Tuesday, November 16, 2021

2021 bpNichol Chapbook Award shortlist interviews: Terese Mason Pierre

Manifest, Terese Mason Pierre
Gap Riot Press, 2020
2021 bpNichol Chapbook Award Shortlist

The 2021 bpNichol Chapbook Award will be announced on Thursday, November 25, 2021.

Terese Mason Pierre is writer and editor whose work has appeared in Hobart, The Walrus, Quill & Quire, and Fantasy Magazine, among others. Her work has been nominated for the SFPA’s Elgin and Rhysling Awards, the bpNichol Chapbook Award, and Best of the Net. She is the co-Editor-in-Chief of Augur Magazine, a Canadian speculative literature journal. Terese has also co-hosted poetry reading series, organized literary events, facilitated creative writing workshops, and spoken at conferences. She is the author of chapbooks, Surface Area (Anstruther Press, 2019) and Manifest (Gap Riot Press, 2020). Terese lives and works in Toronto, Canada. Visit her website at: www.teresemasonpierre.com.

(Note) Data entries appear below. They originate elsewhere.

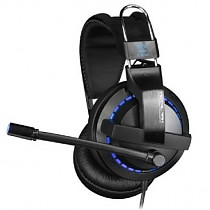 E-Blue Cobra X EHS951 Pro Gaming Spēļu Austiņas ar Mikrofonu / LED Apgaismojumu / 3.5mm / USB / Melnas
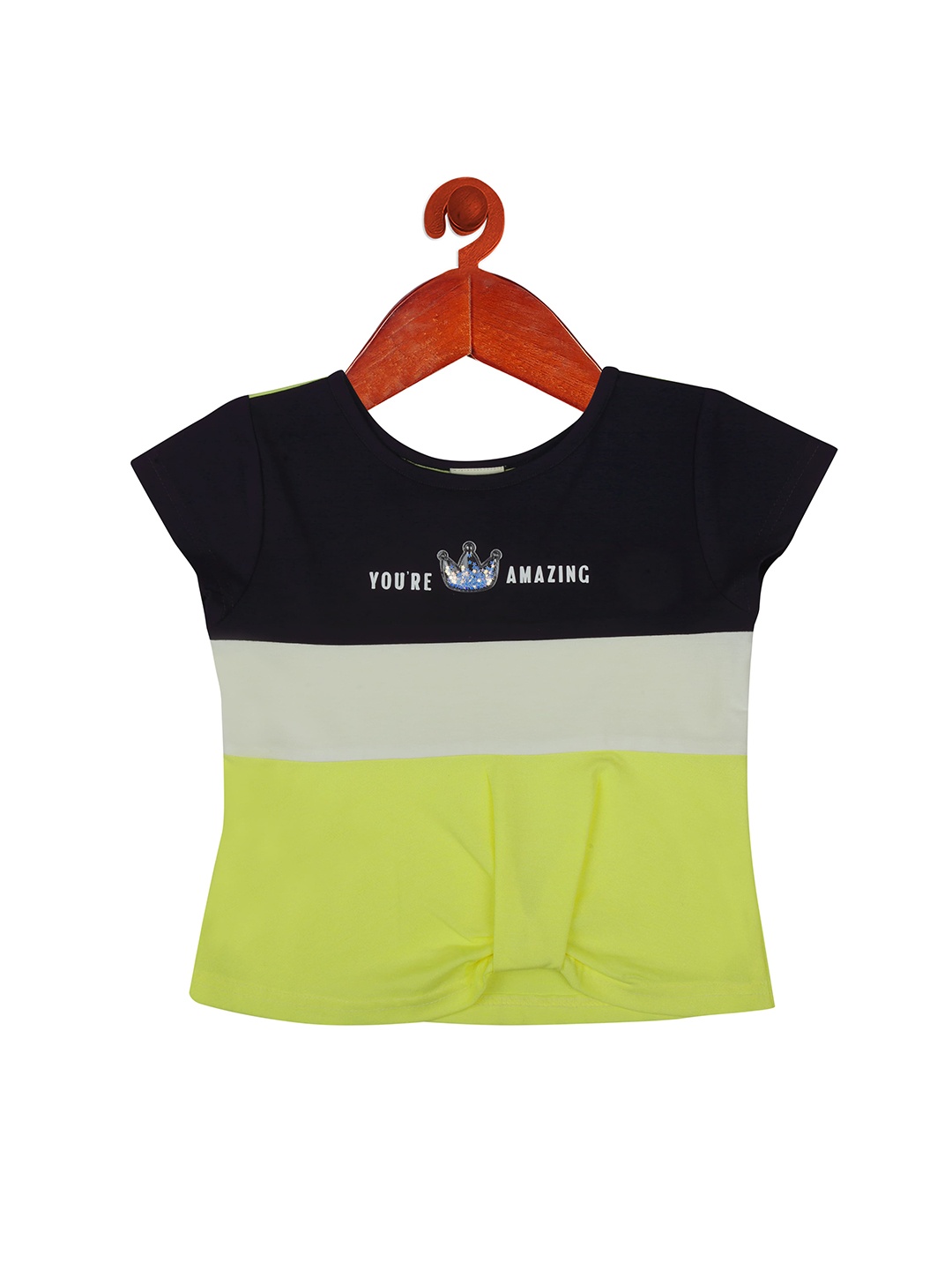 

Tiny Girl Colourblocked Round Neck Cotton Top, Yellow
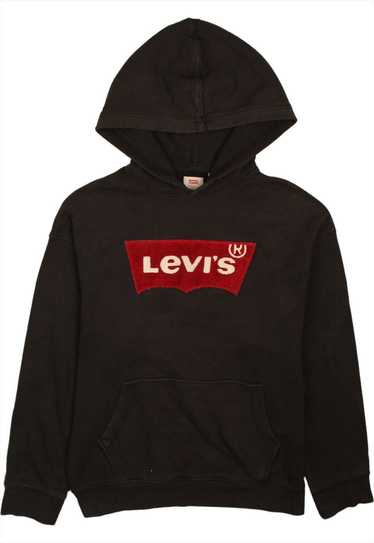 Vintage 90's Levi's Hoodie Spellout Pullover Blac… - image 1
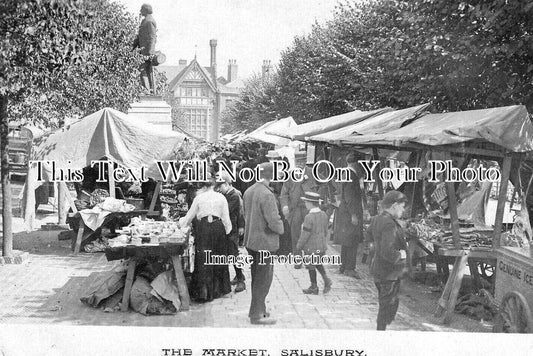WI 1742 - The Market, Salisbury, Wiltshire c1907
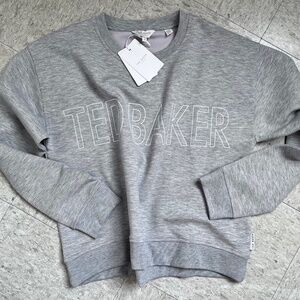 Ted Baker London Grey Logo Sweatshirt Lorito Women Size 3 (Medium) NWT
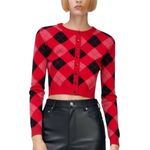 ZARA Cropped Argyle Cardigan Red Pink Black Long Sleeve Button Front Women's S Photo 0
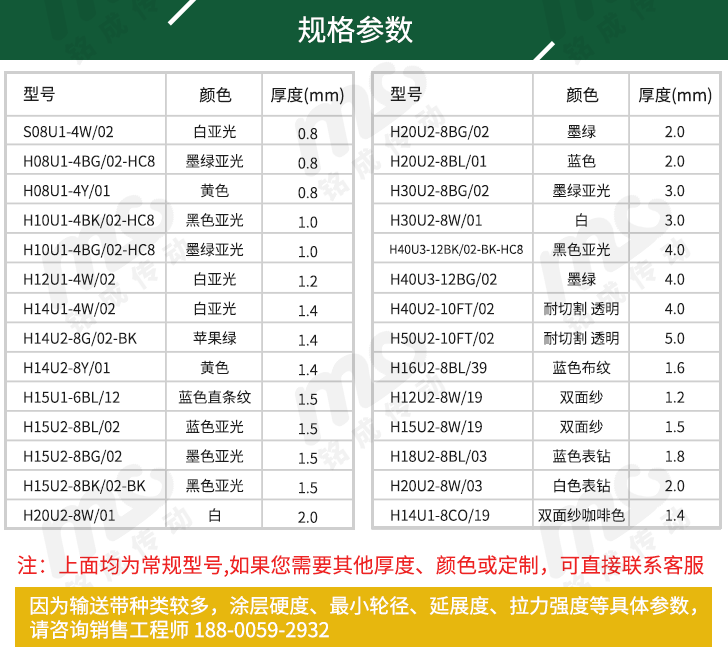 pu输送带型号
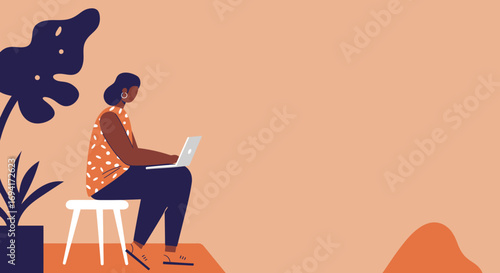 Woman working on laptop, sitting on a stool in a modern, calm interior. Ideal for concepts of remote work, online education, or digital lifestyle.
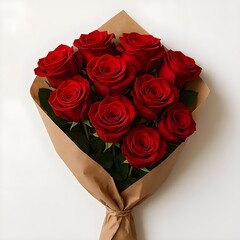 Beautiful Bouquet of Fresh Red Roses Wrapped in Brown Paper Top View Floral Gift for Valentine Day or Anniversary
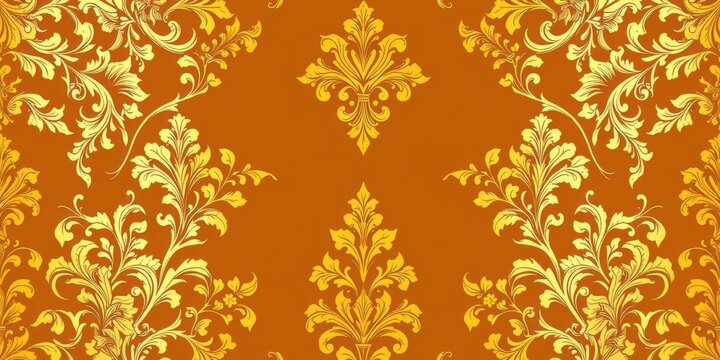 Fototapeta Luxurious seamless golden floral wallpaper with intricate details and elegant design, luxury, golden, background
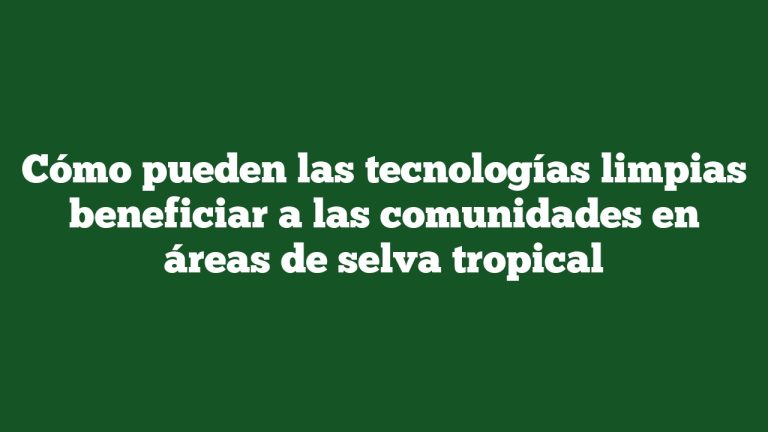 Cómo pueden las tecnologías limpias beneficiar a las comunidades en áreas de selva tropical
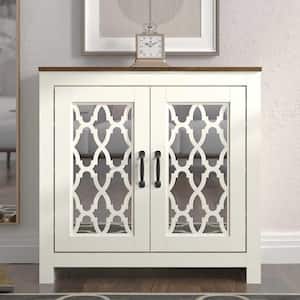 Heron 30.2 in. H X 30.9 in. W Ivory with Knotty Oak 12 Pairs 2 Doors Shoe Storage Cabinet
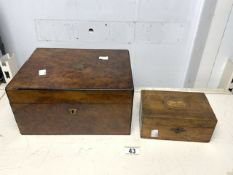 VICTORIAN WOODEN BURR WALNUT WRITING SLOPE (PARKINS & GOTTO) OXFORD WITH A SMALL BOX PRESENT FROM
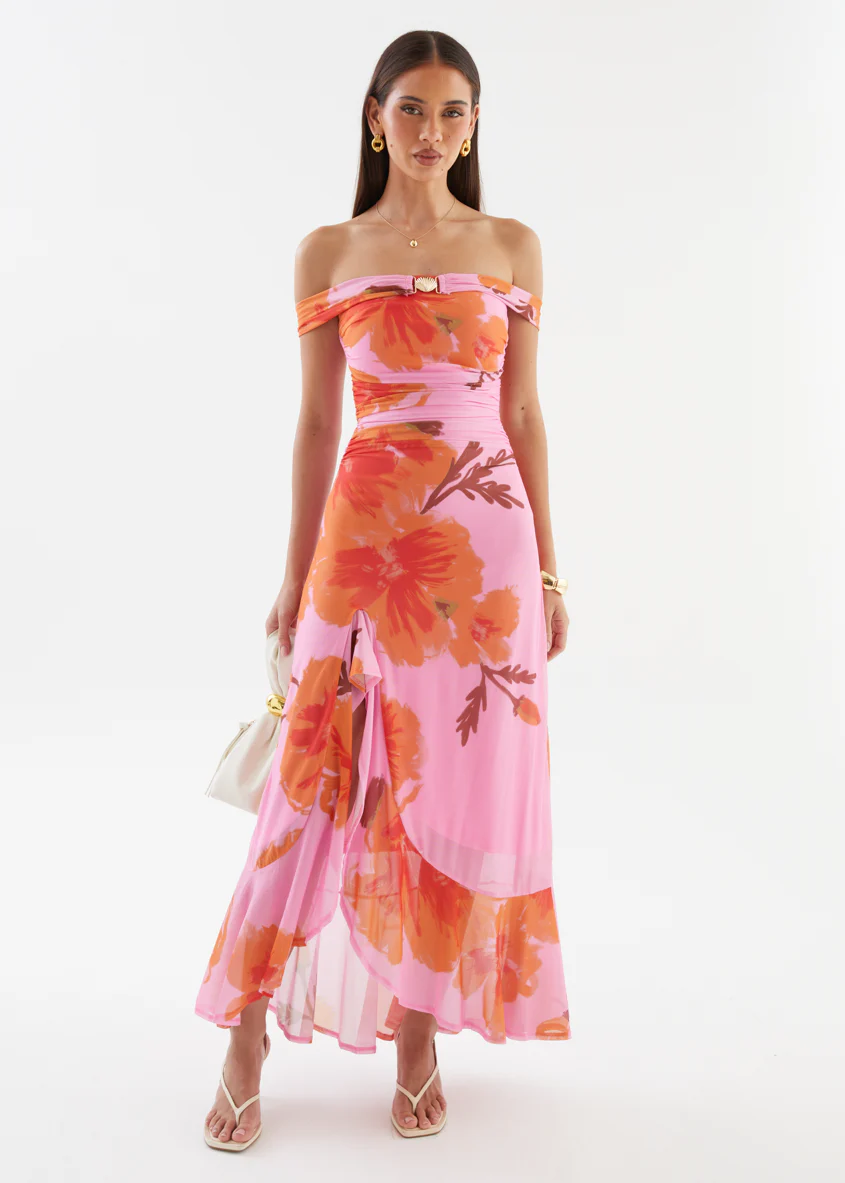 Jiya Off Shoulder Mesh Maxi Dress - Pink Hibiscus
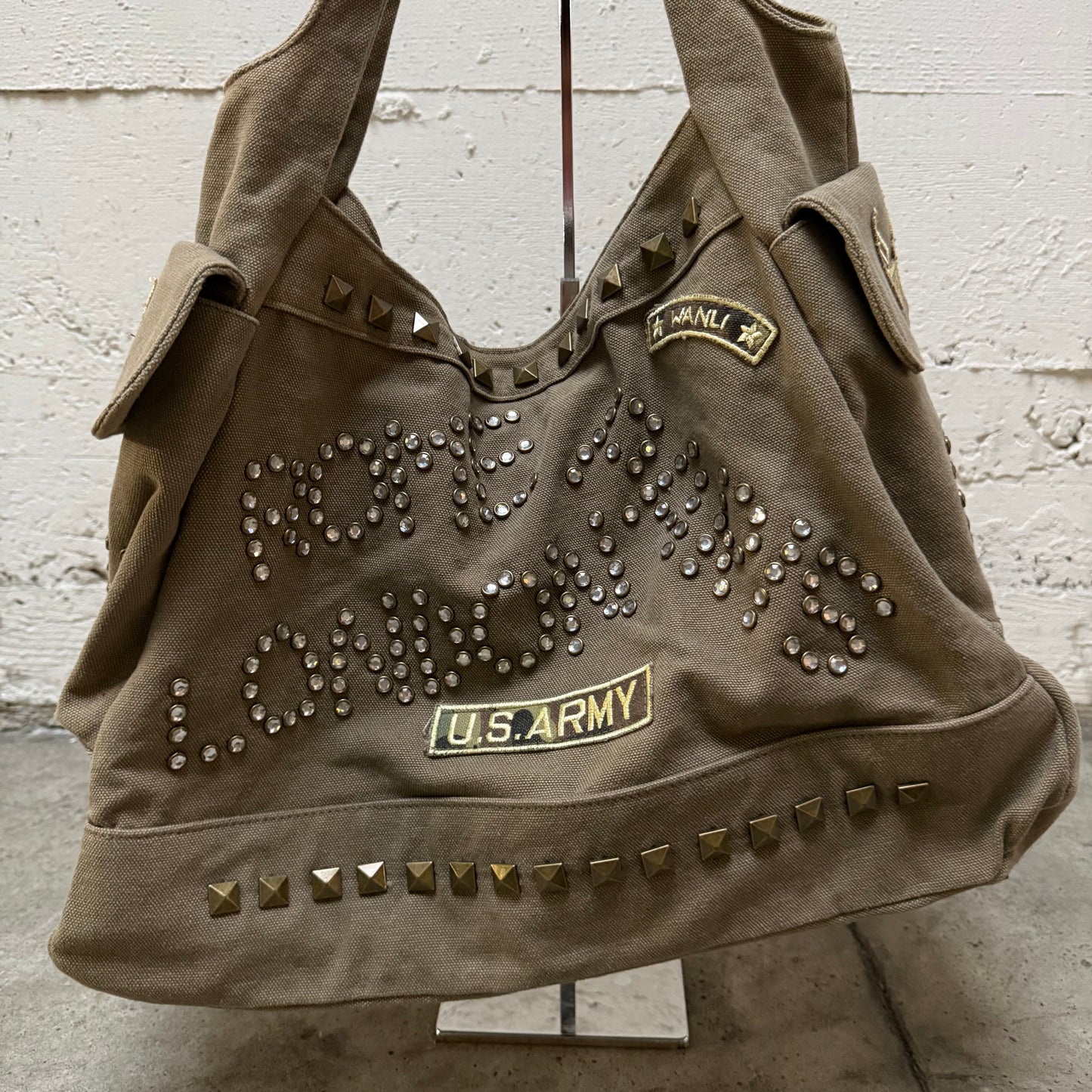 Canvas Studded Army Bag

Manifest is your chapbook debut. What was the process of putting it together into a manuscript? How did the manuscript find shape?

Manifest is not my debut chapbook (Surface Area, with Anstruther Press, in 2019, is). But Manifest feels like a debut because these were poems that I’d never really published in earnest before, and I was quite nervous to release them. I had joined Augur Magazine in 2017 as their poetry editor, but hadn’t written any speculative poetry of my own, even though that’s what I was editing. So, in 2019, I decided to start writing in that genre. It was very freeing, in a way. I think I had a lot of hangups about what poetry was supposed to be about, and writing speculative poetry let me explore a lot more. The poems in Manifest were all the speculative ones I’d written over the course of 2019. I tried to find a way to connect them, as these poems weren't purposefully written with a chapbook in mind, but I feel readers need to tell me if I’ve succeeded.

My apologies! Frustrating to realize that I reviewed both your chapbooks, referring to each in my reviews as debuts, so I’ve clearly not been paying proper attention. I am curious of your shift into more speculative writing: does this constitute a shift away from the kinds of other writing you were doing before, or is this simply one thread of multiple you see yourself moving in and through, as you move forward?

I definitely see this as one thread of multiple. I write in many genres: literary and speculative poetry, literary and speculative fiction, short fiction, novels, as well as creative nonfiction and book reviews. I see myself writing fantasy novels as well as poetry chapbooks. I am interested in many things, so I write many things. Writing so broadly means I have a lot of “homework” to do as a writer, but it’s a responsibility I am happy to take on. My to-be-read pile is miles long.

What I appreciate about the collection is how the poems appear to hold deep influence from performance and storytelling traditions, as well as how the lyric is held on the page. Do you see your work as blending traditions, or is this simply how your poems emerge?

Speculative poetry is still new to me, and I’m still experimenting. But I’m not doing so with any tradition or strategy in mind; I’m not writing toward a specific method. I’m writing what I like, and what appeals to me, what gets me excited. I believe these poems are just emerging from that mindset. However, when others tell me that I’ve written my way into a particular mode, I am inspired to research, and learn.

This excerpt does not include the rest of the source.